Speaking to the FT last year, Amanda Pritchard, the former head of NHS England, raised the question of what “the core business” of the health service should be as other parts of the state are cut back.
Referring to a mental health service that she was told employs a housing team, she said: “You wouldn’t say the core business of the health service is as a housing provider, but that’s where we’ve ended up.”
In September 2024, health secretary Wes Streeting warned: “Rather than a country with an NHS, we’re going to have an NHS with a country attached to it if we’re not careful.”
Reforming the way the NHS works has been a central part of Prime Minister Sir Keir Starmer’s promise to voters since entering Downing Street. Last summer ministers published a long-awaited 10-year plan for the taxpayer-funded service.
As part of the 168-page blueprint for change, it opened the door to recording “social risk factors” in patient records — the parts of their life that do not seem medical at first glance but may in fact impinge on their health.
“In the long term, this saves public money,” said Toby Lewis, chief executive of RDaSH, speaking of his own trust’s initiatives. From April 2026, almost every service his trust offers will have a maximum waiting time of four weeks — among the shortest in the NHS.
“At a very practical level, it makes sense for us to be interested in things some people say are ‘not our job’,” he said. “We see this work as core business. We’ll invest in the voluntary sector and local services where that makes sense, and we’ll talk openly about it.”
One of the trust’s programmes involves purchasing bus tickets for people who cannot afford to travel to appointments.
A number of NHS schemes reimbursed patients for the cost of travelling to their appointment, but they assumed people had the £3 to part with in the first instance, noted Lewis. For someone on a very tight budget, a £3 bus fare could mean missing a meal, he said.

“We’re not making a political point or taking over local government,” Lewis said. “We’re giving staff the tools to address the root causes of health problems, which are often poverty related.”
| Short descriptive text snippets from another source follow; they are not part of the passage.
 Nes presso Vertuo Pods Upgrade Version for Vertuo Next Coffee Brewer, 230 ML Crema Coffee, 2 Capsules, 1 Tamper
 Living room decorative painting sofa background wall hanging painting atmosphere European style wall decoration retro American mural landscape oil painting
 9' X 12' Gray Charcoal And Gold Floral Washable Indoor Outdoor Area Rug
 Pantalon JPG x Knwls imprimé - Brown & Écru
Sally Jameson, the Labour MP for Doncaster Central, said that while the services RDaSH provided were “above and beyond what people would ordinarily think a health trust should do”, it was reflective of a decade of public spending cuts which meant there “isn’t as much in the public purse to spend on schemes to help people battle societal barriers”.
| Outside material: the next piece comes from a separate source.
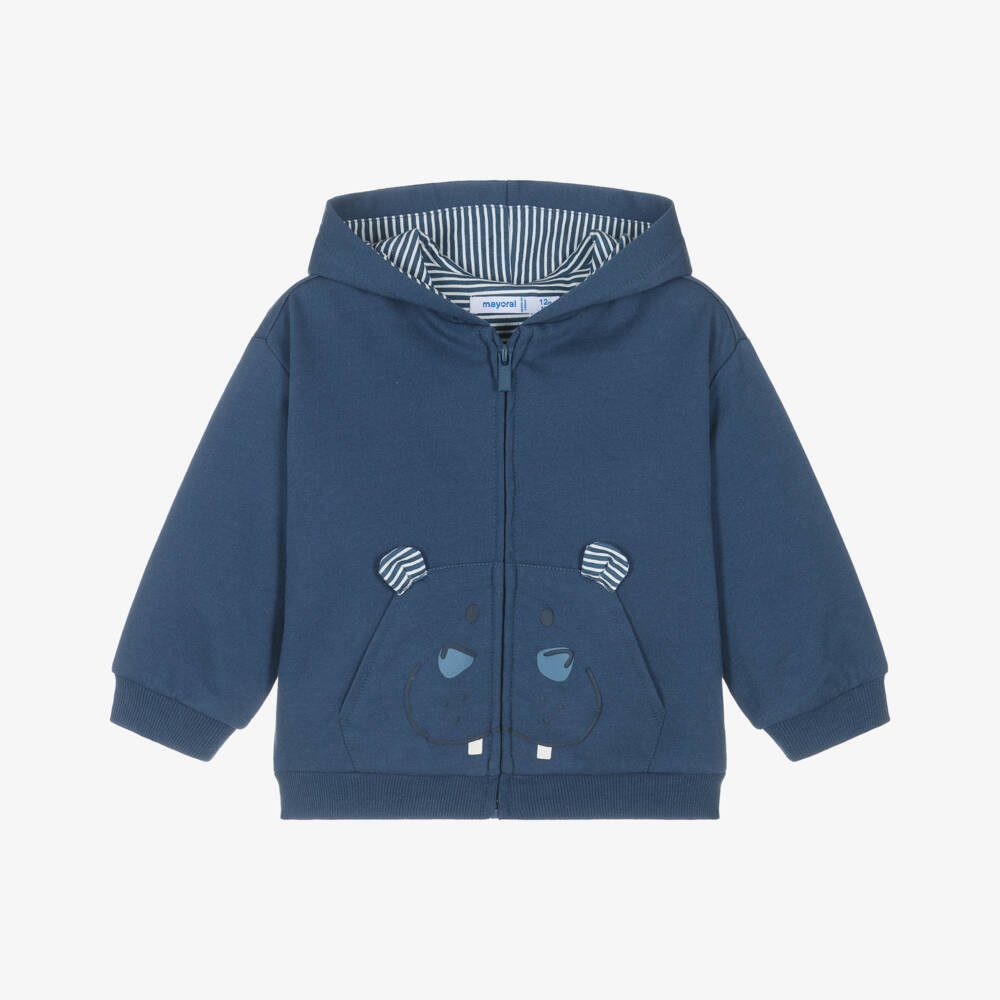 Mayoral-Boys Blue Zip-Up Hooded Top with Hippo Motif | Childrensalon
James Smith, research director of the Resolution Foundation, noted that while the UK spent an “awful lot” on healthcare, this was far from unique in a country that was getting older and richer over time.
But he added that as a society, “we need to have a public discussion about how future increases are funded, or else the NHS risks crowding out funding for other key public services, like those delivered by local government”.
The Department of Health and Social Care said: “Our NHS plays a crucial role in keeping our nation healthy. We’re working across government to tackle the root causes of ill health, while ensuring every pound of NHS funding delivers the best possible outcomes for patients and taxpayers.”